Short descriptive text snippets:
┌──
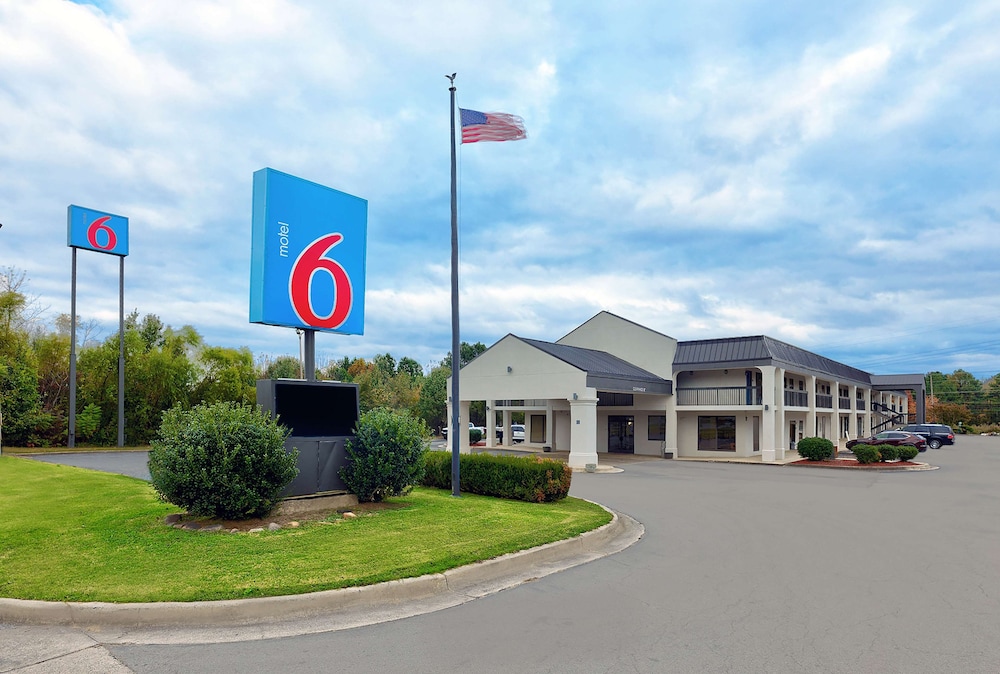 Motel6 Scottsboro, AL – Hwy 72 in SCOTTSBORO - AL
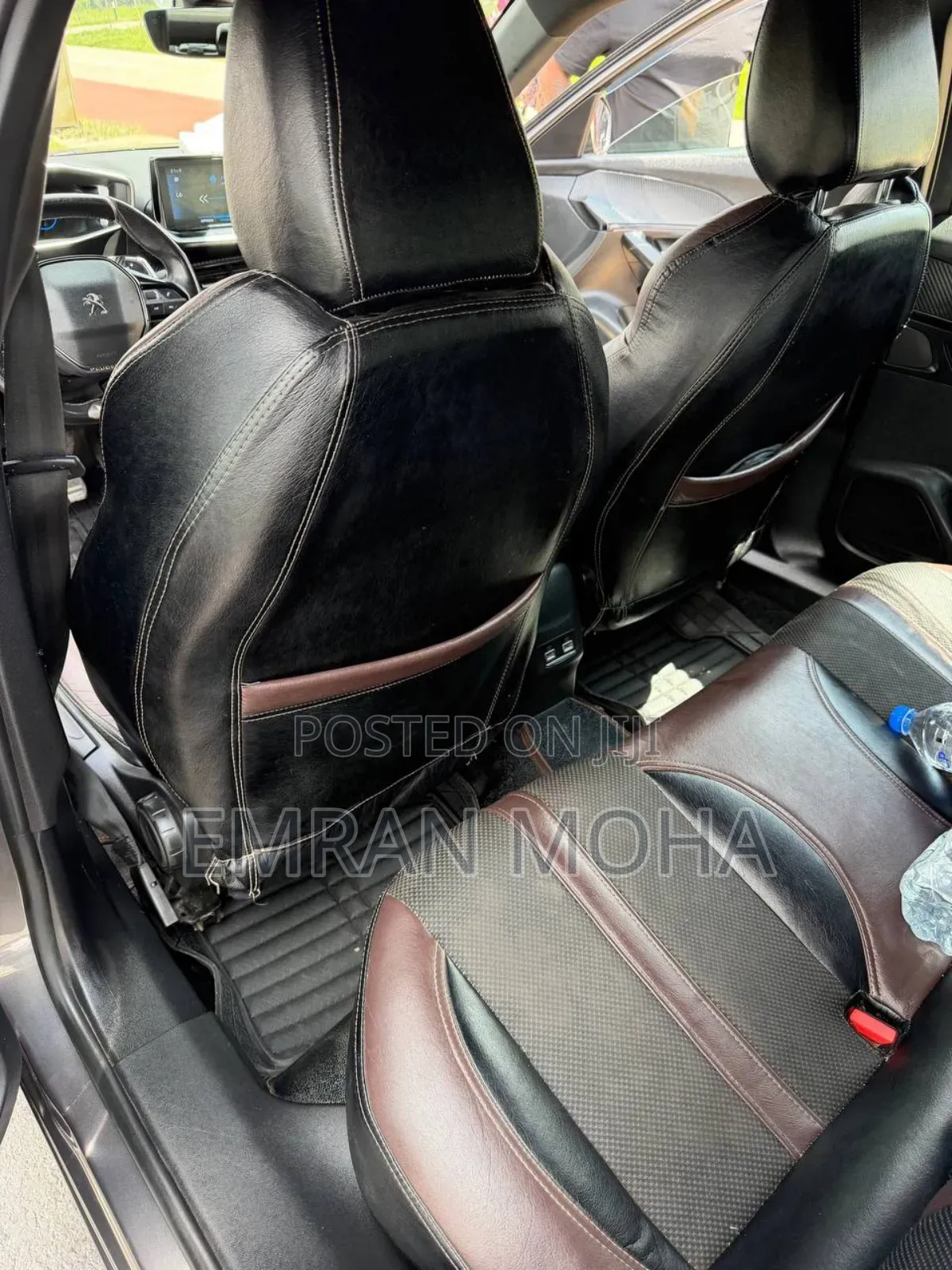 Peugeot 2008 2022 Gray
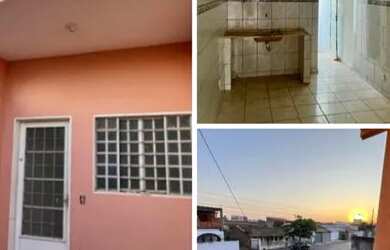 Imagem: A casa possui 2 Dormitórios, 2 Banheiros, 1 Vaga na garagem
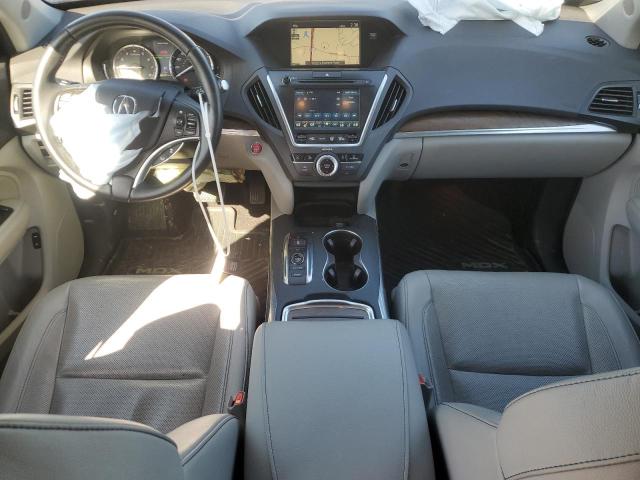 Photo 8 from auction – 2019 ACURA MDX TECHNO with VIN 5J8YD4H52KL033552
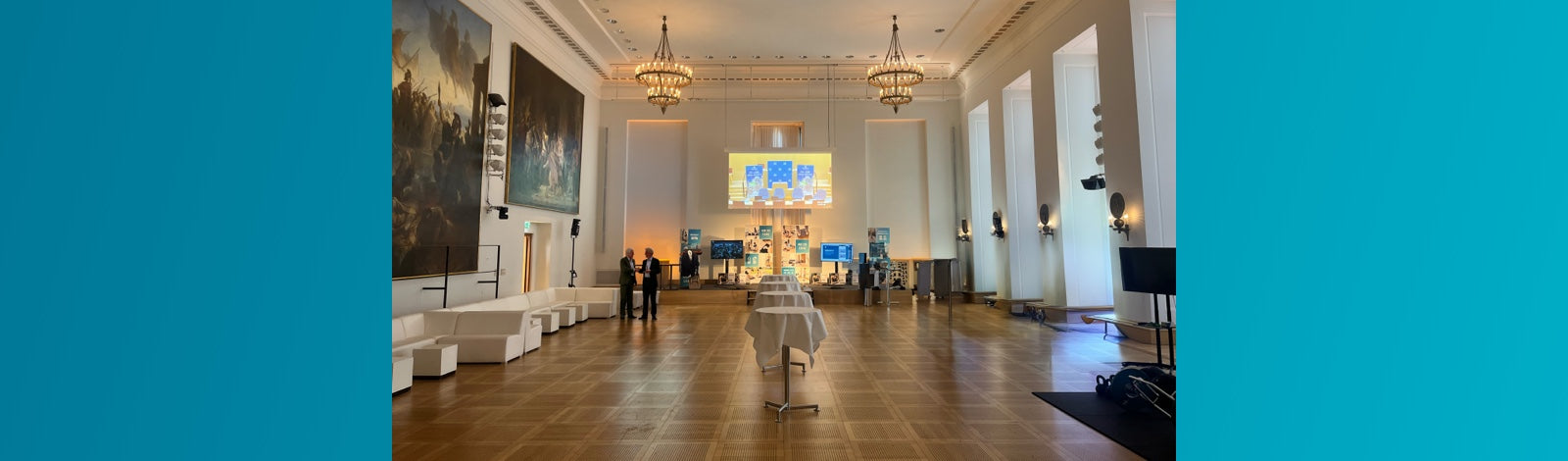 Plankpad at CSU Summer Lounge 2024 – Health Meets Politics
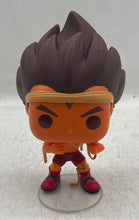 Load image into Gallery viewer, Funko Pop! Animation Dragon Ball Z Vegeta Training #701 Collectible Vinyl Figure
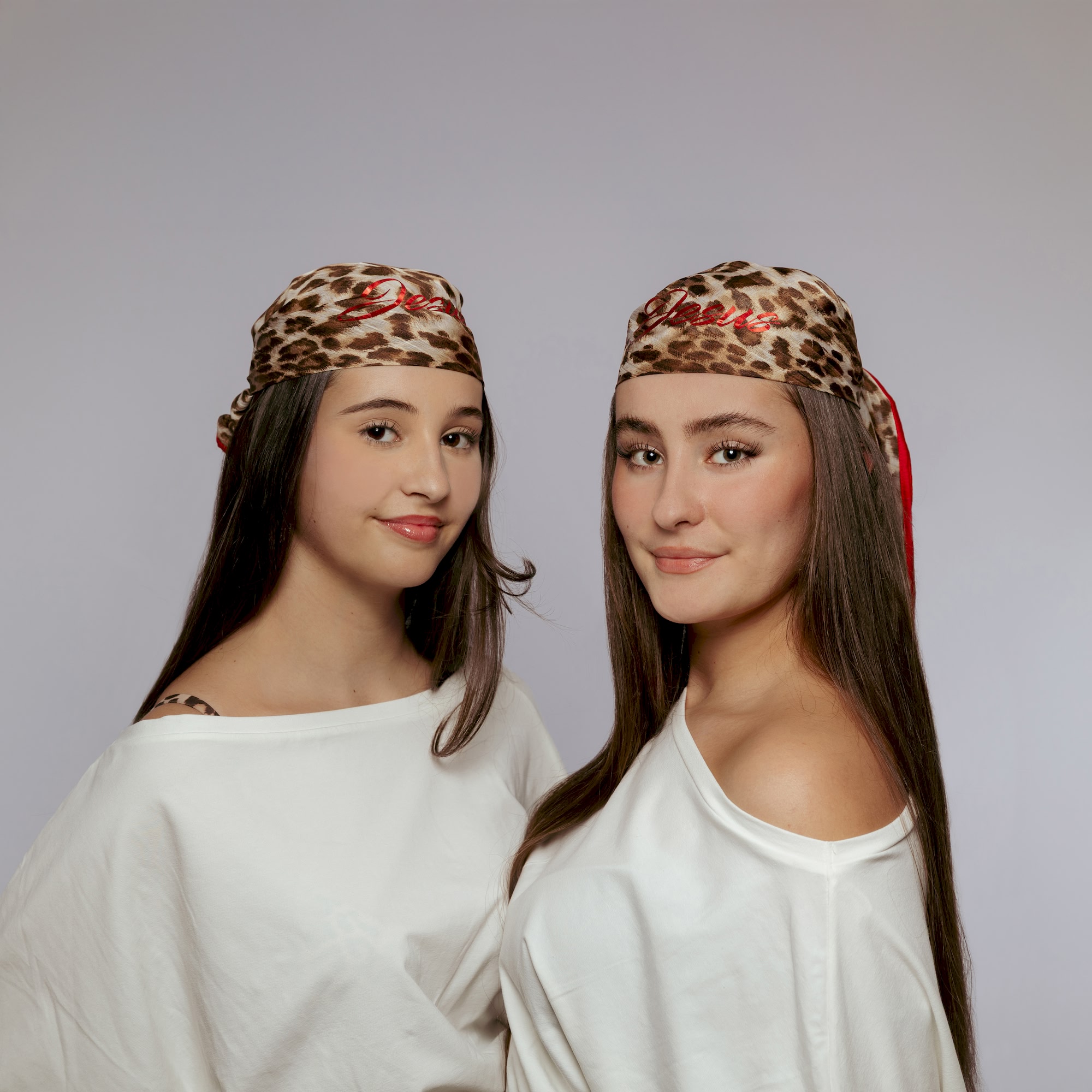 Jesus-Bandana Leo – Bild 6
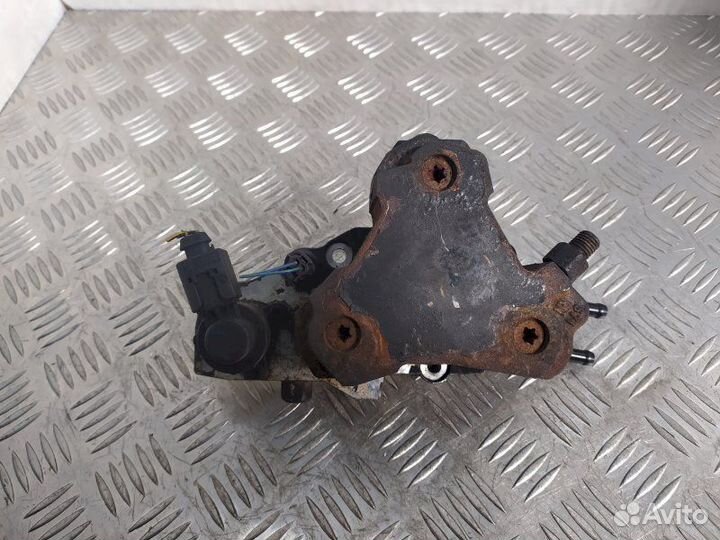 Тнвд 0445010078 mercedes-benz Sprinter (1996-2006)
└──
Which lines run from the one that holds "Peugeot 2008 2022 Gray" to the final line of the records above? Return them exactly, and skip the pictures.

 Peugeot 2008 2022 Gray
 Imagem: A casa possui 2 Dormitórios, 2 Banheiros, 1 Vaga na garagem
 Photo 8 from auction – 2019 ACURA MDX TECHNO with VIN 5J8YD4H52KL033552
 Plankpad at CSU Summer Lounge 2024 – Health Meets Politics
 Load image into Gallery viewer, Funko Pop! Animation Dragon Ball Z Vegeta Training #701 Collectible Vinyl Figure
 Jesus-Bandana Leo – Bild 6
 Тнвд 0445010078 mercedes-benz Sprinter (1996-2006)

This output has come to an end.